By the end of my first month postpartum, I noticed I was extremely fatigued. Deep down I felt like I was more tired than I should have been. It was a different kind of fatigue. I wasn’t just sleep-deprived, but I had no energy to do anything. Everyone kept saying “you have a newborn, of course, it’s exhausting”, so I ignored it.
A couple of weeks later I noticed my weight had increased plus I had a swollen face and legs. I didn’t change anything in my eating habits and I was going for walks so I was a little confused. I just assumed it would go away if I ate healthier so I ignored it. Around the same time, I was starting to have difficulty breathing with tasks. I couldn’t stand for too long, do the dishes, pick up my son, or go up the stairs without needing to catch my breath. This started to worry me, but I thought maybe I was getting asthma or something else. My heart never crossed my mind.
Eventually, it got to a point that I couldn’t breathe when I was just sitting and resting so I decided to go to the ER. They took a chest X-ray and saw that I had fluid in my lungs and an enlarged heart. They immediately admitted me to see the cardiologists the next day. In October 2020 the hospitals in my area were allowing one visitor a day due to COVID. Fortunately, my husband was able to be with me when I received the official diagnosis of peripartum cardiomyopathy (PPCM). We were both in shock but we had each other to lean on.
At my first follow up with my cardiologist, he changed my medications but a few days later I ended up in the ER again due to trouble breathing. The doctor sent me home the same day with some Lasix. This didn’t feel right, my gut told me I needed a better doctor. In November 2020, I changed cardiologists. At my first appointment, she didn’t like my symptoms and had me admitted to the hospital for more tests.
My echocardiogram showed a decreased EF from October. The doctors transferred me to a different hospital for a more intense cardiac rehab and transplant evaluation. By then, COVID cases had increased so I was alone in the hospital when I heard this news. It was very difficult and scary to hear the word ‘transplant’. On top of this, I had to call my husband and my parents to tell them the news instead of having them with me for support.
That night I transferred to the new hospital where I ended up spending twelve days. I was going through a lot of testing, unable to have any visitors, and I missed my son’s first Thanksgiving. Eventually, the medical team decided to add me to the heart transplant list. The doctors then had to decide if I should wait in the hospital or if I would be allowed to go home. While keeping me closely monitored, the doctors agreed to allow me to go home. Happiness flooded me to see my husband and son again. I was so grateful to be able to spend time with my family before ending up in the hospital again.

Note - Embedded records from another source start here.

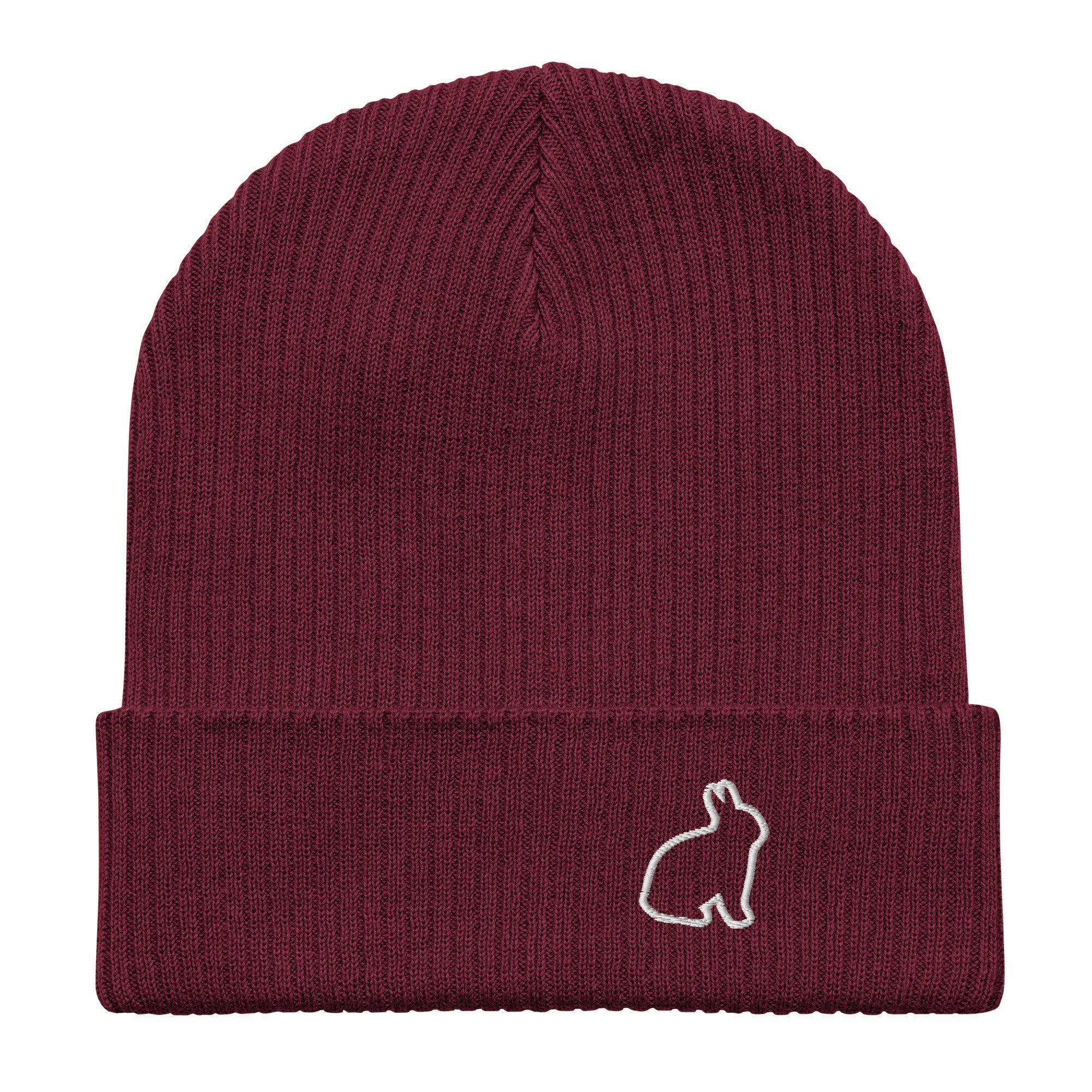 Racrabbit Eco-friendly ribbed beanie
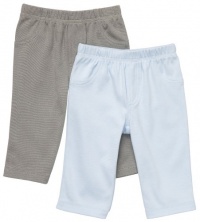 Carter's 2-Pack Pants - Blue/Gray - 3M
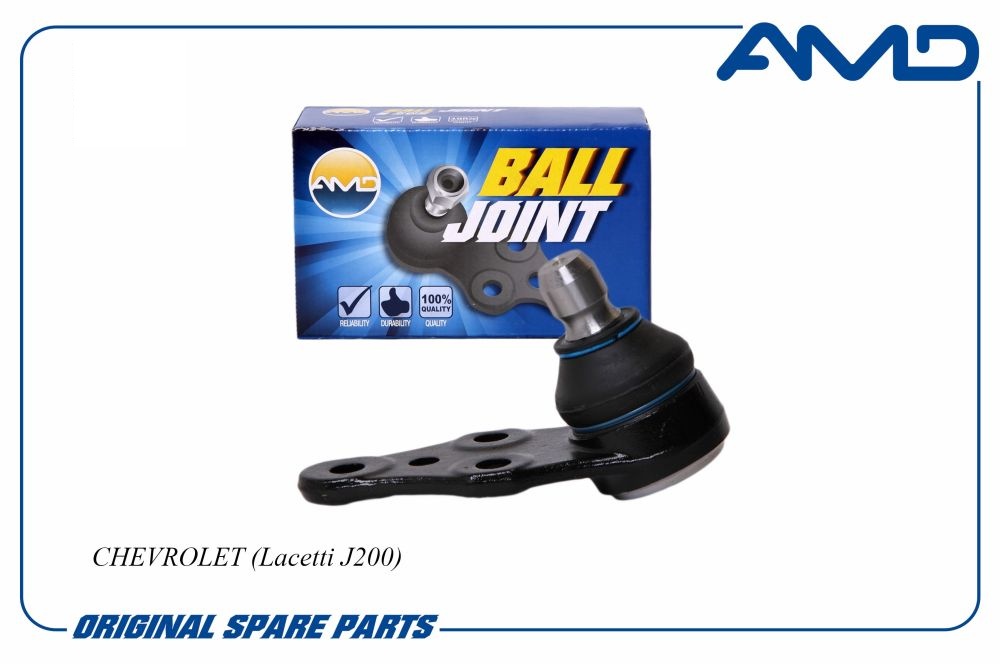 Опора шаровая передняя L/R Daewoo Nexia/Espero 94>/Chevrolet Lanos 96>/Lacetti 04> AMD.BJ119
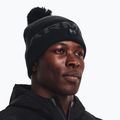 Under Armour pánska zimná čiapka Ua Halftime Fleece Pom black 1373093 6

Nine days later, I received a call that a heart was available. It was truly my Christmas miracle. It was a complete shock to me, my family, and the doctors to have received a heart that quickly, especially while waiting at home. This new heart was truly meant to be mine. On December 20, 2020, I had my heart transplant surgery. After the surgery, the surgeon told me they ran a couple more tests on my old heart and said I “didn’t have a lot of mileage left”. Those words were very scary to hear but just made me more grateful for my donor.
This time around I was in the hospital for three weeks. I was still unable to have any visitors, healing after a major surgery alone, and missing my son’s first Christmas and New Year. It was the longest and hardest three weeks of my life, but I knew it meant I would be around for a lot longer. This whole entire experience has been tough mentally and physically. Those three weeks post-transplant in the hospital, however, were extremely hard. Not being able to see my family or hold my son took a big toll on me mentally.
I am currently 7 weeks post-surgery and healing at home with my family. I have a long road of recovery ahead of me, but I plan to bring as much awareness to PPCM as I can while living my life to the fullest.